» Assignment: Below are records with pictures in them. Transcribe everything from the line containing "Image of 1400" down to the line containing "carnival-miguelturra-poster-announcer-2017", exactly, and leave the pictures behind.

» Material to process:
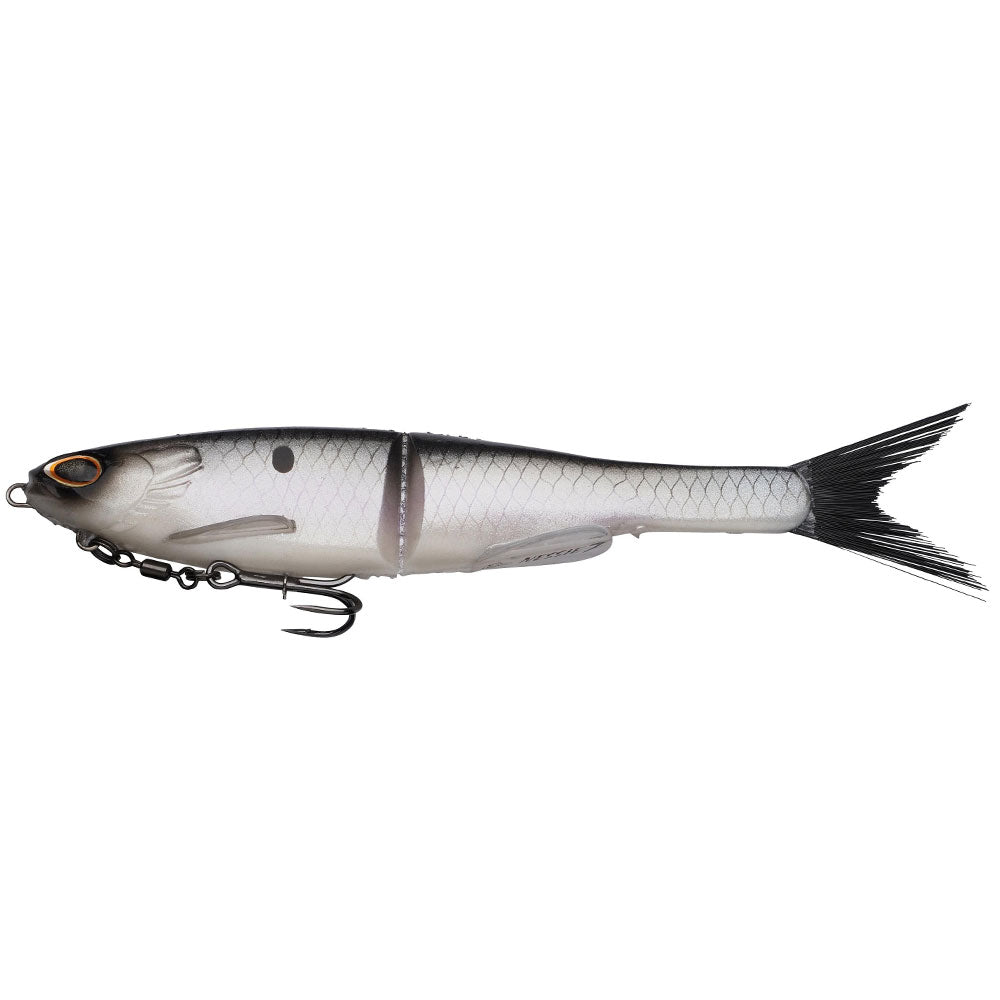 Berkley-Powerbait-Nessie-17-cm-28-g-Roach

==

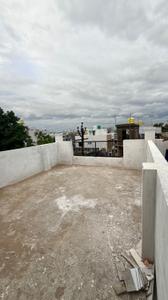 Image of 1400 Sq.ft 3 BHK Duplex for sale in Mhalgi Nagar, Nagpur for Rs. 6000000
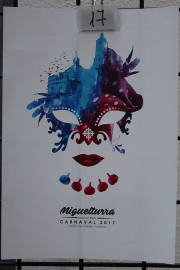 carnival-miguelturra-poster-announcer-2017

» Written reply:
 Image of 1400 Sq.ft 3 BHK Duplex for sale in Mhalgi Nagar, Nagpur for Rs. 6000000
 carnival-miguelturra-poster-announcer-2017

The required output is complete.